Several thousand Norwegians turned out Friday afternoon to take part in demonstrations in Oslo and elsewhere around Norway. Crowds gathered in front of the US Embassy and the Parliament, to mark their disgust over police brutality and racism in the US, and over how the latter is a problem in Norway, too.
The US Embassy in Oslo was targeted after the past week of violence and even more police brutality in the US since George Floyd, an African-American, was killed by arresting police officers in Minneapolis who held him down and literally choked him with a knee in his neck. That, along with the lack of any compassion or sympathetic response from US President Donald Trump, set off massive demonstrations in the US that have spread around the world.
Oslo police fenced off the US Embassy’s relatively new compound north of the downtown area before demonstrators arrived, and closed off the main road running alongside the embassy. Staffers at the embassy seemed well-prepared as well, after sending email warnings of demonstrations both last weekend and on Friday to US citizens and embassy employees working from home.
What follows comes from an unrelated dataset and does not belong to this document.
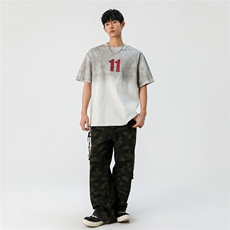 2025新款潮牌短袖宽松韩版字母印花扎染工艺T恤T8825/P5588，男装T恤，星座202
All were urged to “consider avoiding the embassy and Storting (Parliament) areas around the time of the demonstration,” which was set at between 2pm and 8pm.
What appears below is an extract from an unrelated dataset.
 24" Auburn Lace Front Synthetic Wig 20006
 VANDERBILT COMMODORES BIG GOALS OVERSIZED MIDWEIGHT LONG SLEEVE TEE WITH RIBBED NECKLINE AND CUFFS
Confusion had swirled over whether the planned demonstrations would actually be held. Health Minister Bent Høie had tried to block them because of Corona virus infection concerns, and because the government’s Corona containment measures don’t allow gatherings of more than 50 people. Nearly 20,000, however, had responded to social media proposals for demonstrations organized by the African Students Association at the University of Oslo and other organizations also in Trondheim, Bergen, Kristiansand, Stord, Skien and several other cities around the country.
Organizers in Oslo ultimately opted for what was supposed to be a demonstration by only 50 people in front of the US Embassy followed by a march to downtown and creation of a human chain around the Parliament area, with at least a meter between all involved. By the start time of 4pm, however, several hundred people had already gathered outside the embassy and crowds swelled as thousands began heading for the area in front of the Parliament. They carried signs with slogans such as “Stop racism,” “Black Lives Matter” and “Silence is complicity,” a reference also to how the Norwegian government had mostly remained silent about the violence in the US and how Trump, who threatened to unleash the military against demonstrators, reacted to it. The US has long been considered Norway’s closest ally.
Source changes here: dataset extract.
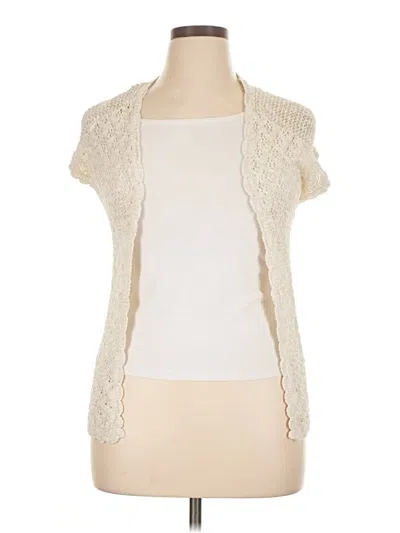 Pre-owned Cherokee Cardigan Sweater In White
The march into downtown was estimated at several kilometers long as it wound from the embassy area at Huseby, through Majorstuen and finally downtown, with police monitoring it from a distance. Oslo police made it clear they would intervene only if violence broke out. “We are not a police force for infection control,” a police spokesman had told Norwegian Broadcasting (NRK) Thursday evening, adding that allowing freedom of expression is a police priority.
Once downtown, thousands of demonstrators knelt in the streets, while march leaders read off Floyd’s last words. The plan was for demonstrators to remain quiet for eight minutes and 46 seconds, the same time Floyd was held down even as he made it clear he couldn’t breathe.
State health officials expressed concern that the huge gathering could set off a “super-spreader situation” even though Covid-19 infection is low in Norway. Many marchers and demonstrators also wore face masks, which have not been common or encouraged in Norway.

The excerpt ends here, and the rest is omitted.